If he could have stood up he would have been six feet tall, and he wasn’t any wider than a beer truck. It always looked like the wheelchair had two flat tires and he was riding on the rims because of all that weight. Larry hated being overweight, and was not heavy until late in life when his organs went more and more haywire and they had to keep adding machines to keep him alive. He never saw anything wrong with himself, just some bad luck as a teenager, and a broken body. He used to say, “If I was on my feet I would never be fat.” So his friends became extensions of his arms and legs and tried to stay out of the way.
Larry Kegan the musician never brought up his Dylan connection except if you knew. Sometimes he’d mention Bob with a grin. He’d always put an emphatic spin on Bob. He’d open his eyes real wide, look dead at you, slowly shake his head, and smile like that cat outta Alice in Wonderland. The tone of his voice and smile said he was telling some kind of secret, important, inside joke. I never saw anyone put so much English on a name.
Larry knew he was mortal and that quads don’t tend to live as long. He would always say, “If I can just make it one more year...” That was his mantra. “One more year.”
Geno LaFond wrote songs and played guitar with him. They toured off and on for 15 years. “I would fly out and meet up with them, hang for a few days and then fly home,” Geno says. “Larry would go for weeks sometimes, and different people would meet up with him and help him. First time I traveled on tour was 1975. The Rolling Thunder Tour. Incredible!” Kegan and LaFond called themselves The Mere Mortals. They came up with the name when Geno first met Bob. “Larry and I laughed that even Bob was mortal. Although maybe we were a bit more so.” When The Mere Mortals played, Kegan avoided saying Bob’s name. Instead he’d say, “Here’s a song by a friend of mine.”
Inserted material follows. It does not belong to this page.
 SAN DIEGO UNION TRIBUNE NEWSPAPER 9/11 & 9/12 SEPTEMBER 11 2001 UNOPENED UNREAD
On the wall over Larry’s bed there were snapshots: Bob, Kegan, and Louis Kemp at 13 and again at 50, three boyhood buddies who kept in contact their whole lives. Below that was a snapshot of Kegan and Muddy Waters. Leaning on the top of the dresser there was The Bridge Concert poster featuring Neil Young, Edie Brickell & the New Bohemians, Cheech Marin, and The Mere Mortals. (Neil Young throws The Bridge Concert every year to raise money for the school his two disabled kids attend.) Over the years, The Mere Mortals had played front act for Bob, Neil Young, Eric Clapton, and a who’s who of some of the biggest names in music. Kegan was always in the middle of things with Scarlet Rivera, Kinky Friedman, Ramblin’ Jack Elliott, Kris Kristofferson, Rick Danko, Jackson Browne, and local blues and folkie players such as Willie Murphy, Paul Metsa, and Larry Long. It’s like the old joke where the Pope comes out with Kegan at St. Peter’s Square, huge crowds cheering. Somebody pulls your coat and asks, “Who’s the guy with Larry Kegan?”
Larry was a hip and talented guy, but only a mere mortal, with all the failings that come with the territory. Take this, for example: Larry was a high quad, so he had to get someone to brush his teeth, feed him, wipe his ass, or it didn’t get done. Let’s say it nicely: Larry was skillful at “motivating” people. He was among the best at playing the players because that’s how he got his nose scratched.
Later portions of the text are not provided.